After a bit of a lull, it's been a busy week (and day) at Nathan Explains Science. This afternoon I have a new story over at New Scientist (link below) on using a blue-light activated, algae-derived protein called Channel Rhodopsin 2 (ChR2) to cure depression in mice.
(While you're checking things out, be sure to check out the posts from earlier today and yesterday, about flying—sort of—with light, more on basic problems with voting, and the first installment of Fielding Reader Questions.)
The gist is that a bunch of neuroscientists took depressed mice and implanted ChR2 in the medial prefrontal cortices (mPFCs) of their brains.
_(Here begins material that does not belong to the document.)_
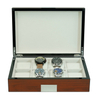 Sonny 8 Slots High Gloss Rosewood Watch Storage Box Wooden Case with Large 60 mm Wide Pillows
They first "depressed" them—defining depression in mice is problematic, so they actually induced "social defeat stress—by bullying them. Perfectly nice lab mice had to endure the taunts of a bully mouse for ten days straight and had to interact with the bully directly for five minutes a day, at the end of which they were submissive, avoided contact, and so forth. It was, in short, kind of sad.
But then the happy part (before the unpleasant part that follows all such studies): shining blue light via an optical fiber on the mice's mPFCs, the team activated the ChR2, which, the biophysicists in the audience will know, improves ion flow and essentially helps depressed neuron firing along. And behold: the mice weren't depressed any more. Pretty awesome.